Today I woke up to a gloomy, drizzly, overcast day. Perfect for music listening. I sat down and put everything else aside. I moved my phone away so it wouldn’t distract me. There were not lyrics available with the download, but luckily Derek has amazing diction. I curled up with some warm fleece socks on my feet and a blanket. My husband joined me on the couch and I was thankful for some company as we sat quietly together.
This album is an achingly beautiful piece of art from start to finish. Haunting melodies, gut-wrenching and honest lyrics, creative instrumentation, and those little vocal cracks that show Derek’s extreme vulnerability. One of the things I admire about Derek is the way he is willing to be completely and totally vulnerable in his music. And he does it with extreme passion.

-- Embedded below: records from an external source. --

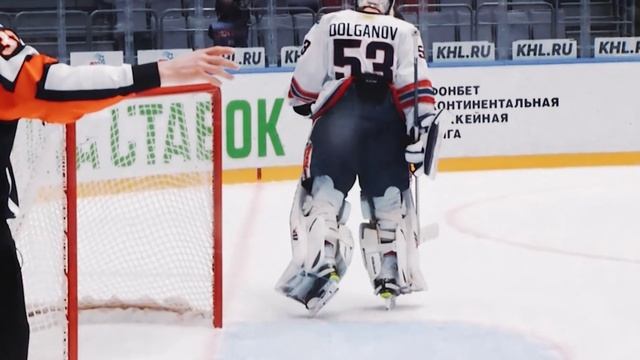 Атмосферное видео матча ХК "Сочи" - "Нефтехимик": шайбы Точилкина и Барбера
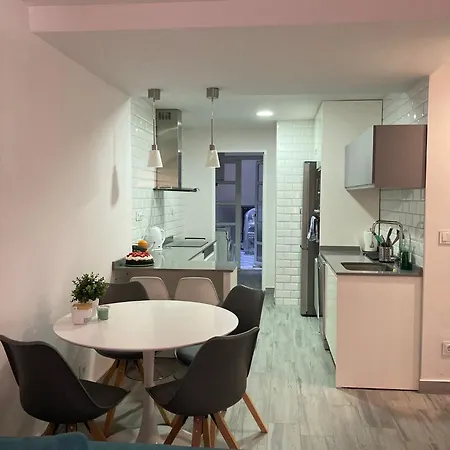 Eliza 3 Bedroom Modern * Торевьиа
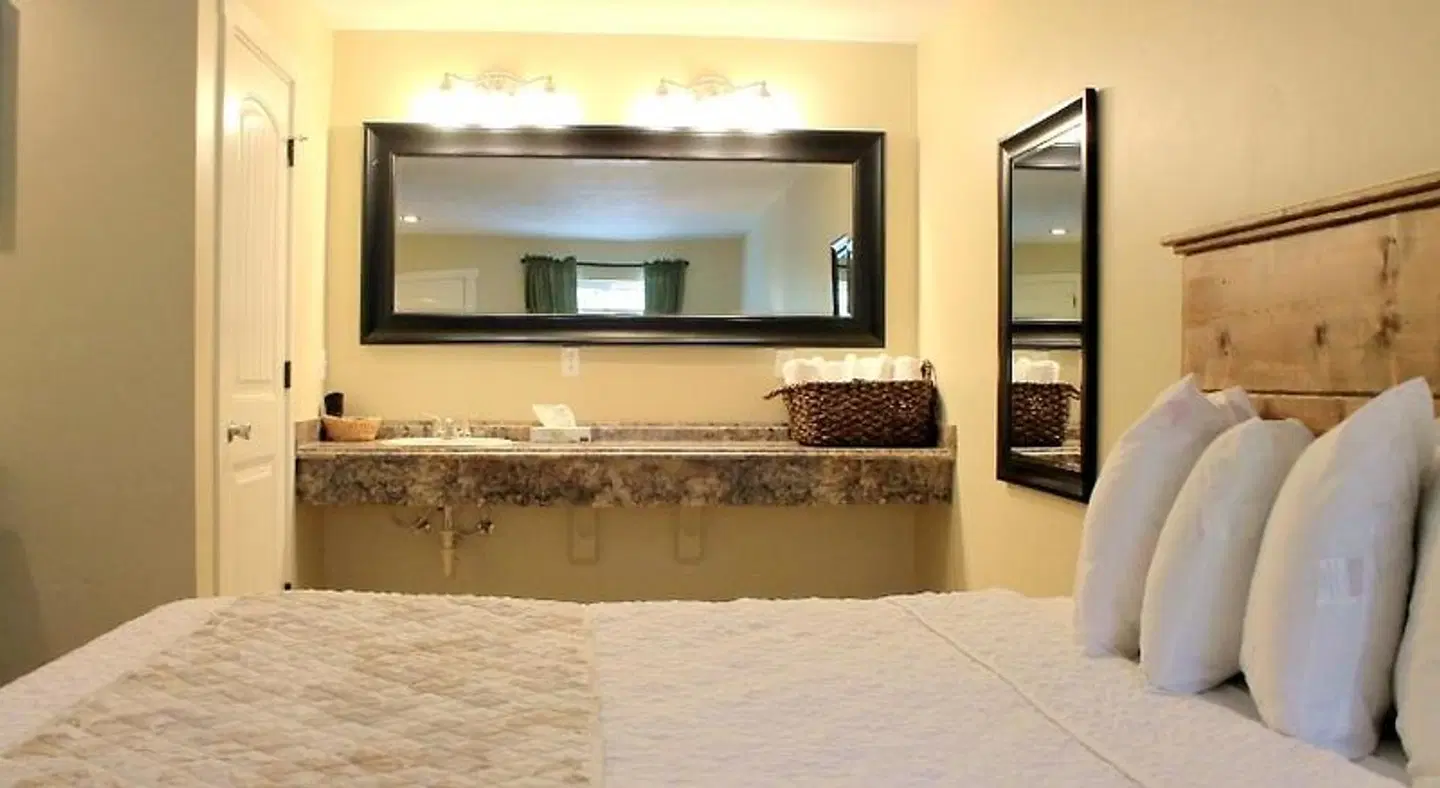Moose Creek Inn ROOM_EXAMPLE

The other thing I admire about Derek is that he is one of the few “Christian” artists that I still respect. Derek, a former member of the band Caedmon’s Call, was one of the musicians I listened to in heavy rotation back in my CCM-obsessed days. As I became weary and suspicious of the commercialism of CCM and manipulative lyrics of many Christian songs, I moved away from many of those musicians. Derek was the musician that continued to evolve; musically, stylistically, and spiritually. As I processed and became more angry at CCM culture, Derek’s music moved with me. His lyrics often echoed the frustrations I felt. I continued to follow him, impressed by his boldness to speak unpopular statements and the way the depth of his music continued to grow.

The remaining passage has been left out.